The Record(...) syntax is definitely the safe and rational choice.

It's consistent with Function. It's safe in all the right ways, least likely to set us up for problems in the future, because the grammar is well known. Accepts all record types without problems.

Using significant whitespace may fix this particular problem, but it leaves us wide open to the next conflict with an untagged parenthesis occurring after something else. It locks us down with regard to what other syntax we can add. I'd be happy using the significant whitespace solution, but I don't think it's the most forward-looking choice. (Edit: And we already had another one: on (e, s) {} after a try. Raw parentheses are darn dangerous.)

The problem with Record(...) is that it doesn't bring me joy. And I know how much writing Function annoys me today. It's a constant annoyance, something abrasive that adds to my daily amount of wear and tear every single time I write it. I doesn't go away. It doesn't get better. It's just "here we go again". It's a cost of using Dart that I have to write Function when I want a function type. And I think that matters.

In that comparison, I'd prefer #(...) for the type, and not for the values, even if it takes up precious grammatical space, because it will keep records a low syntactic overhead. I won't mind writing it. It's still searchable (#( is unique). And if we can't use our syntax for something as central as the product type, what can we use it for?

lrhn avatar Sep 15 '22 20:09 lrhn

I really like the colon suggestion from @stereotype441. I think allowing it (not making it required) wouldn't be a breaking change right? The point is there needs to be some delimiter between annotations and what they're annotating. Of all the solutions presented, it feels like the cleanest.

Also this applies to annotated parameters as well. int foo(@annotation (int, int) latLong) has the same ambiguity.

ds84182 avatar Sep 15 '22 20:09 ds84182

Sometimes I feel like the parenthesis are extra unnecessary code, let's say, compared to Golang.

Example: int, int getOrigin() { return 0, 0; } vs (int, int) getOrigin() { return (0, 0); }.

However, it's not too much code and may make the code more readable.

In my opinion, having to write Record defeats the main advantage of records by requiring so much boilerplate and making the code not look good.

Wdestroier avatar Sep 15 '22 22:09 Wdestroier

As another consideration. Right now the Records feature does not break user written classes named Record because the user written declaration shadows the dart:core Record, and the record type does not need the name Record in it. If you make it mandatory to write Record as part of the type, it might make the disambiguation a little weird.

// User written
class Record {}

Record(int, int) f0(Record(int, int) value);

Record f1(Record value);

I'm assuming you would do the right thing here and resolve to the dart:core Record type for f0, but the user written class for f1, (they are disambiguated because of the parentheses, but it definitely makes it confusing to read).

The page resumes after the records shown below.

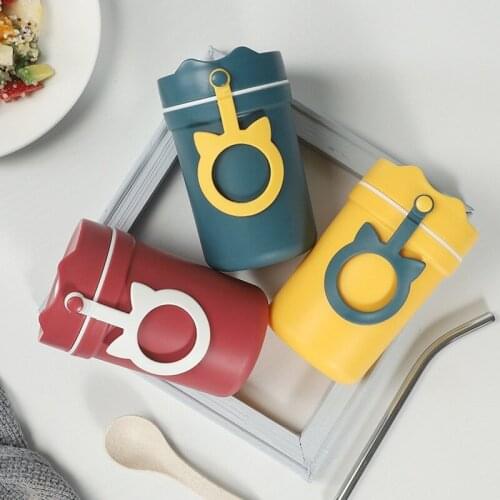 11.2oz Wheat Straw Portable Double Layer With Lid Leakproof Insulation Cup Breathable Sealed Food Container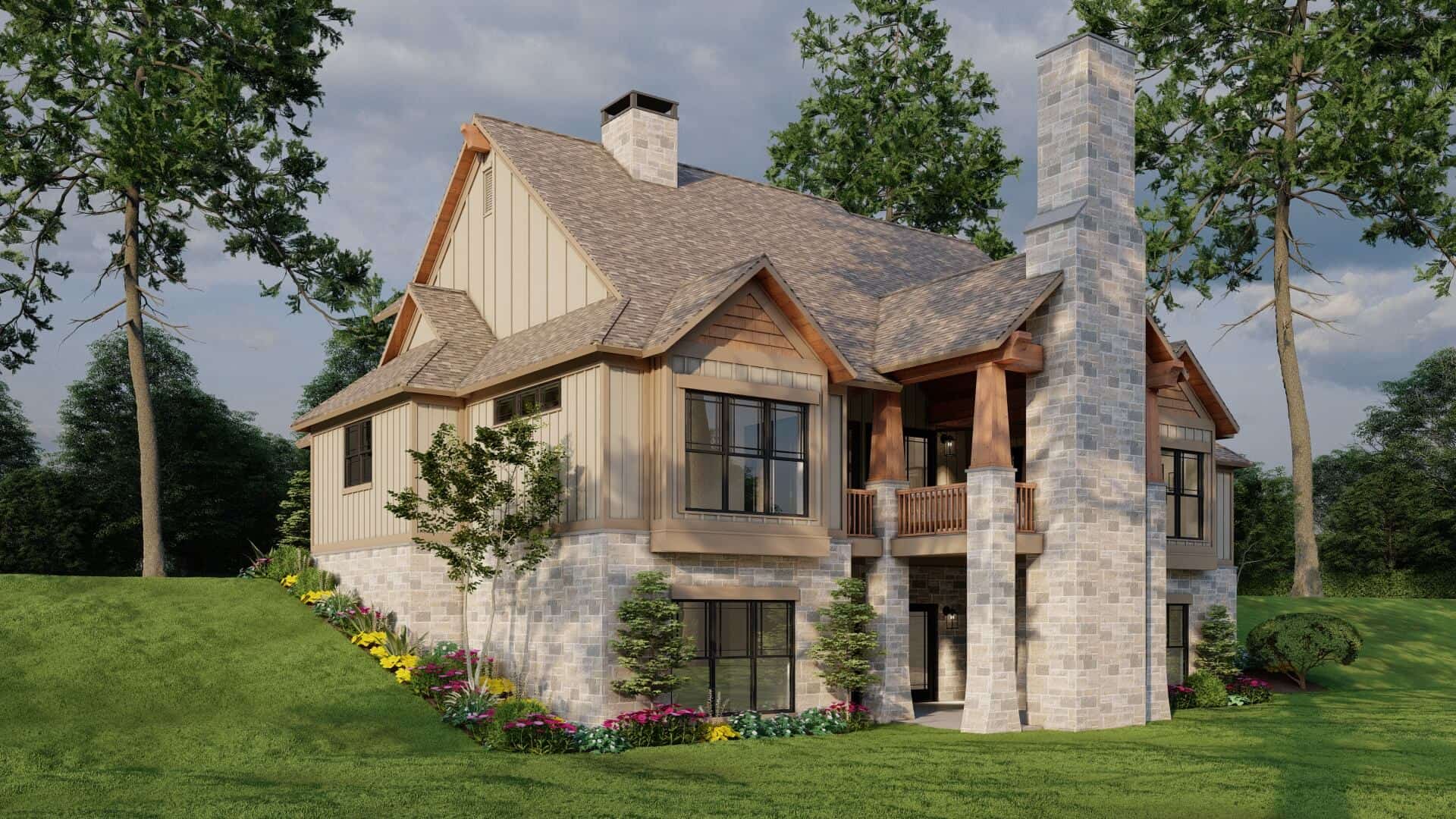 Rear View of this 5-Bedroom,4347 Sq Ft Plan -153-2066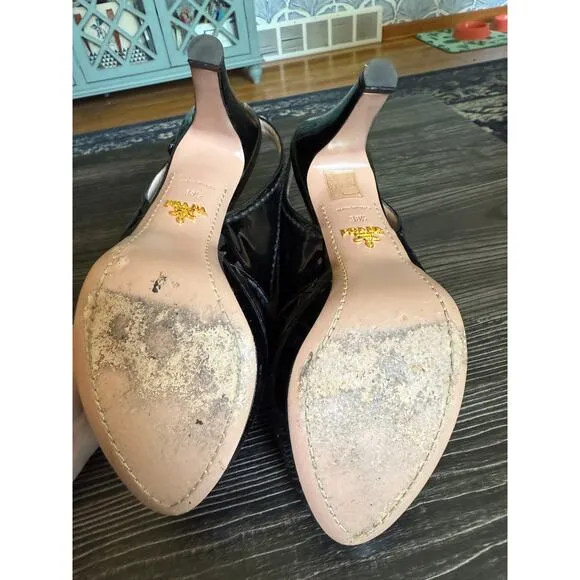 PRADA Black Patent Leather Platform Slingback 4’ Heels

TimWhiting avatar Sep 16 '22 14:09 TimWhiting

We'd have to be absolutely certain that we can distinguish whether Record(int) should be a type or a constructor invocation. We generally can do that. A lot of Dart would break down if we couldn't distinguish whether a position should be a type or an expression, since identifiers can be both. So it would probably work out. Like for Function, the following ( force-disambiguates it into a type in a type-position, but not in an expression position.

lrhn avatar Sep 16 '22 14:09 lrhn

I can't think of any true ambiguity (like you say the following ( disambiguates like Function) but there will be a lot during editing. Here are a few I can think of.

Record(int, int) f0(Record(int, int), value);
//                         ^ record parameter missing a name, or is this a function parameter named Record 
// (function parameter as written)

void main() {
  Record(int, String)
 { //  ^ is this a local function (yes), but also could be 
// an object instantiation / function call with a missing semicolon
// a variable declaration with a missing name & semicolon
// (Makes it harder to be rid of semicolons), though I guess this is an existing problem with blocks
  }
}

TimWhiting avatar Sep 16 '22 15:09 TimWhiting

Would using #( for types, but not for expressions, open up the possibility for record type literals? If we use either #( or Record do we plan to allow for record type literals?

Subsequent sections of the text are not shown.